Geothermal energy production, considered a clean source of power, might help stabilize an otherwise active fault system.

By Meghan Zulian, University of California, Davis, Temblor science writing extern (@MeghanZulian)

Citation: Zulian, M., 2021, Blowing Off Steam: How clean energy could stabilize faults, Temblor,

As drought and wildfires outpace previous annual records, California and the White House charge ahead with expansive clean energy projects. Clean energy like solar, wind and geothermal have inevitable risks and tradeoffs. One concern about geothermal energy is the potential for inducing earthquakes during production in fault-riddled places. One such location, California’s Coso volcanic field, is home to a large geothermal plant that produces electricity for some 250,000 homes. The plant lies in a seismically active area.

Now, a new study focused on Coso Geothermal Power Plant suggests that although energy production can induce small earthquakes, it reduces the chance of big earthquakes in the long term.

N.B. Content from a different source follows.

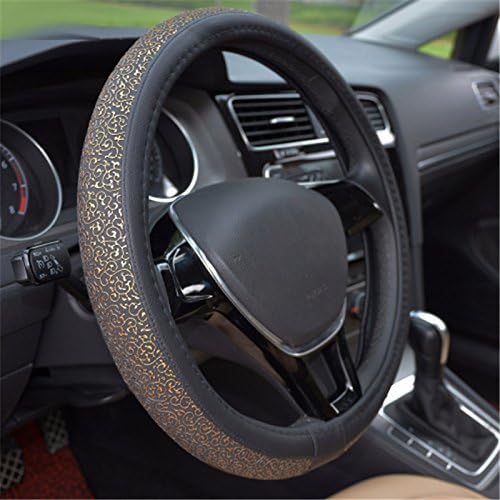 Diaoaokiss Car Steering Wheel Cover 38CM 15 inch Universal Skidproof PU Leather Viscose Carved Protect Steering Wheel Car Interior Accessories Fashion Car Steering Wheel Cover (Black&Gold)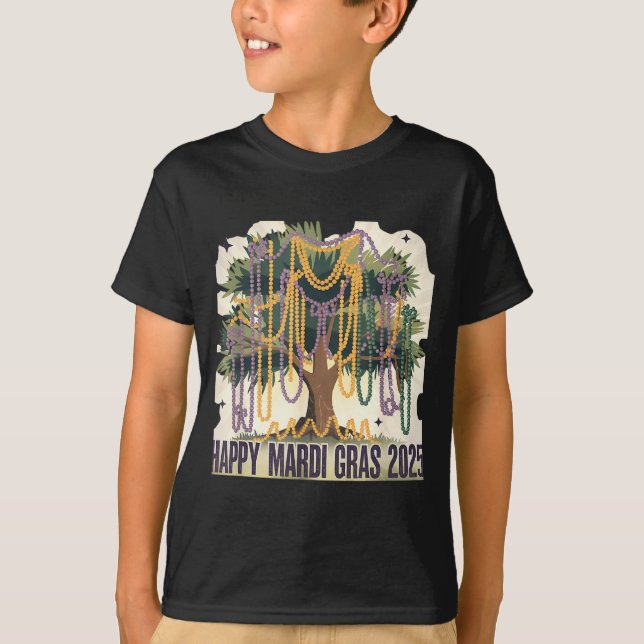 Camiseta Mardi Gras Tree Carnival New 2024 For Women Valent (Anverso)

A complex interplay between heat loss and water removal affect the amount of stress on local faults and may actually stabilize the shaky region. The study’s evidence? When the 2019 Ridgecrest earthquakes struck nearby and seismic stations throughout eastern California lit up with aftershocks, the area around the Coso Geothermal Power Plant remained strangely quiet.

But whether this study truly indicates that geothermal energy production can mitigate earthquakes is still up for debate.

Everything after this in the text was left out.